November 2013 Thai Holidays
Loy Krathong / Yee Peng 2013
Monday, November 18, 2013 is one of the most beautiful of all Thai festivals. Loy Krathong is not a public holiday, but it is a time for communities to come together in the evening to launch small candle lit craft (Krathong) in lakes and rivers and floating lanterns illuminate the sky at night. In Chiang Mai events usually begin two days before and extend one day after the holiday (Saturday, November 16 through Tuesday, November 18). It is not an official Thai government holiday but, especially in Northern Thailand, it is a major holiday. This is on the fifteenth day of the waxing moon of the 12th lunar month of the Thai calendar (the second lunar month of the Northern Thai calendar, Yee Peng means second month in Kam Muang (the Northern Thai language).
Lopburi Sunflower Festival
The Lopburi Sunflower Festival can be found in Lopburi, Central Thailand and nearby Saraburi. This festival doesn’t have exact dates, and begins when the weather and the sunflowers announce the beginning. The sunflower fields are an attraction for many Thai visitors as well as foreign tourists beginning in November and can last until January or even February.

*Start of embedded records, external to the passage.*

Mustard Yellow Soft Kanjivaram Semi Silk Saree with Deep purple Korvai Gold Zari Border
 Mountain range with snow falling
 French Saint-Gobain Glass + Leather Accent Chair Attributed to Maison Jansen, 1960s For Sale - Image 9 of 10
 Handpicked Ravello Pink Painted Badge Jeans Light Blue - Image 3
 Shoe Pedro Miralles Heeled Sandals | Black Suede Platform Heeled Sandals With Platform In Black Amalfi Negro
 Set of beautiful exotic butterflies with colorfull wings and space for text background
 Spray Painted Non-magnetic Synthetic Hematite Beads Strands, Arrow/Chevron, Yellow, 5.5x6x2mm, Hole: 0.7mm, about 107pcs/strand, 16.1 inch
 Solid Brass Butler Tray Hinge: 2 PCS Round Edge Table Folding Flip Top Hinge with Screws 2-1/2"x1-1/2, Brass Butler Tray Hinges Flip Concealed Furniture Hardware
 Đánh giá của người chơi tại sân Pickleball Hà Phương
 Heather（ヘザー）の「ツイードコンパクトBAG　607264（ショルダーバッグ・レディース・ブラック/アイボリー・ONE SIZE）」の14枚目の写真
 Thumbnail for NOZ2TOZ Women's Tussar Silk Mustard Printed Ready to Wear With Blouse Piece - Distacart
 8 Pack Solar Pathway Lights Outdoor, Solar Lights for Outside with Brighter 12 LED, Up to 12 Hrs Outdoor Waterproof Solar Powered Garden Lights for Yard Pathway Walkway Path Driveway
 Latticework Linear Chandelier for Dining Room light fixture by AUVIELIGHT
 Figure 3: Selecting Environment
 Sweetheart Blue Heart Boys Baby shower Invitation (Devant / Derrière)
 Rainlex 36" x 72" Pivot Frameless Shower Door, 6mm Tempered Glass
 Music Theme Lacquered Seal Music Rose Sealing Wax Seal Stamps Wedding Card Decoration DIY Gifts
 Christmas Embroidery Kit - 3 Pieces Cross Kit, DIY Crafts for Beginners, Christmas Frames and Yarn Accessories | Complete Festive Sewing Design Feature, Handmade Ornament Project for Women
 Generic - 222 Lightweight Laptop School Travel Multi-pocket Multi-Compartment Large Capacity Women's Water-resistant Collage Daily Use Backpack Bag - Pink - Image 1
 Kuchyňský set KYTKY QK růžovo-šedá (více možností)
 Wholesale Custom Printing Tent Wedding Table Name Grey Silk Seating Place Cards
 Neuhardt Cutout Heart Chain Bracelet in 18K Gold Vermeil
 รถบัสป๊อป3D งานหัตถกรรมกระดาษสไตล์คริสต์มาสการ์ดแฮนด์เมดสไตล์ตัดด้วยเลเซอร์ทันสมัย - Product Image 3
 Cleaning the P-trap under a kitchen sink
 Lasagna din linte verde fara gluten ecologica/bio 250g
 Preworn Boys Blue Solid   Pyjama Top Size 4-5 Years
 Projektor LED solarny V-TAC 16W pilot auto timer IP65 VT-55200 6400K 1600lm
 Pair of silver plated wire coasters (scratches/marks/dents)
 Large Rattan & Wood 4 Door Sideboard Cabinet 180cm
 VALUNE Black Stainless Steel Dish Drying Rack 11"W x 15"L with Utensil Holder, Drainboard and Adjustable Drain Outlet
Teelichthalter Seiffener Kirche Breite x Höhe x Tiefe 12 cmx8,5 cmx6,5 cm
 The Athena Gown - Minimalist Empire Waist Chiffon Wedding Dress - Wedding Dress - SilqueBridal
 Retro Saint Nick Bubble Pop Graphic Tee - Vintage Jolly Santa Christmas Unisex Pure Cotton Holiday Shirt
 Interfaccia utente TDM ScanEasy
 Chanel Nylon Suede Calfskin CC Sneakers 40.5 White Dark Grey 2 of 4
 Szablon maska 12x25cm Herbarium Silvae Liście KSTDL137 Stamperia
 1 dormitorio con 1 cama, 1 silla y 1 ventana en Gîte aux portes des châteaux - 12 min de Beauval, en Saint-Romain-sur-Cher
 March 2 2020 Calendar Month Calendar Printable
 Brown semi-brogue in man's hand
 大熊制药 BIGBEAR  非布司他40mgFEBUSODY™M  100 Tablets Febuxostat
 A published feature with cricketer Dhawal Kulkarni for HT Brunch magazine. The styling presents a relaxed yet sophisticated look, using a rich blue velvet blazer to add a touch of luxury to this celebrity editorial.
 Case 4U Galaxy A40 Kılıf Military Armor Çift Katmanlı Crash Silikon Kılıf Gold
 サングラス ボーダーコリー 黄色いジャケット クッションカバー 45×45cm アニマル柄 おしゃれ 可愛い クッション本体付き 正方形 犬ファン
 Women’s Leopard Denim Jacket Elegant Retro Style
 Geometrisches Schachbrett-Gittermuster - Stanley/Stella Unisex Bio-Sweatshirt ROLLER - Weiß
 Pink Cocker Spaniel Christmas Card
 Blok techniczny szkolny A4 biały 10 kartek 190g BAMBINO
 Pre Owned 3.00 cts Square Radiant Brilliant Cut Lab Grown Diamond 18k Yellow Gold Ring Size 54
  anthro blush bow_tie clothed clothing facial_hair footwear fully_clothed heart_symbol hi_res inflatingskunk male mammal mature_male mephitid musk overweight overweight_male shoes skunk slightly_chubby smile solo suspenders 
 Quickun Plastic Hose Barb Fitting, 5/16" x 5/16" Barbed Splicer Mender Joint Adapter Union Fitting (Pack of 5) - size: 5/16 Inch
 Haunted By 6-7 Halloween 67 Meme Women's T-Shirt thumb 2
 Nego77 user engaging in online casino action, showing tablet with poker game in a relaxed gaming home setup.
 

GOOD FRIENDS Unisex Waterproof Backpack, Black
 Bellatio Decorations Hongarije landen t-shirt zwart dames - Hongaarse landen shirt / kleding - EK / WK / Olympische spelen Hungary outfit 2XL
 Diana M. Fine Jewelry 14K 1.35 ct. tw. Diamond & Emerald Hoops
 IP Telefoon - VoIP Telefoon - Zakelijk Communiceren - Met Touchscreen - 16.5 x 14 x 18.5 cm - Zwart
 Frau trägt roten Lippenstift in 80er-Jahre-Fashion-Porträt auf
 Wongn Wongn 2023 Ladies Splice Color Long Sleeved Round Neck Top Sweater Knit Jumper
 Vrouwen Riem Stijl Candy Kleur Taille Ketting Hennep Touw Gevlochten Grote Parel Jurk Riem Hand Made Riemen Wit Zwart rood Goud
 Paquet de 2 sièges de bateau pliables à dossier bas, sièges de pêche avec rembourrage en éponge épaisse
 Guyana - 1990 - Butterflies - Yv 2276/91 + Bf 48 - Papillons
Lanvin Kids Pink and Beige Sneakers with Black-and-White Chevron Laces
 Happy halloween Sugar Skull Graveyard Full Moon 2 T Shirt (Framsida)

December 2013 Thai Holidays
H.M. The King’s Birthday
Thursday, December 5, 2013 is the birthday of His Majesty King Bhumipol. It is also Father’s Day in Thailand.
Tuesday, December 10, 2013 marks the day in 1932 when Thailand become a constitutional monarchy.
Wednesday, December 25, 2013 is not a public holiday in Thailand, but it is celebrated as in most of the world as a secular holiday with festive decorations in the shopping malls. Many of the restaurants and pubs in tourist areas will have traditional holiday food and events to mark the occasion.
New Year’s Eve
Tuesday, December 31,2013 is a public holiday in Thailand to mark the new year. As new year’s day is also a holiday, this is a two-day event. It is possible that Monday, December 30th will be considered a holiday as well (officially or unofficially) as it is a single day straddling two sets of two days off. This could easily turn into a five day weekend.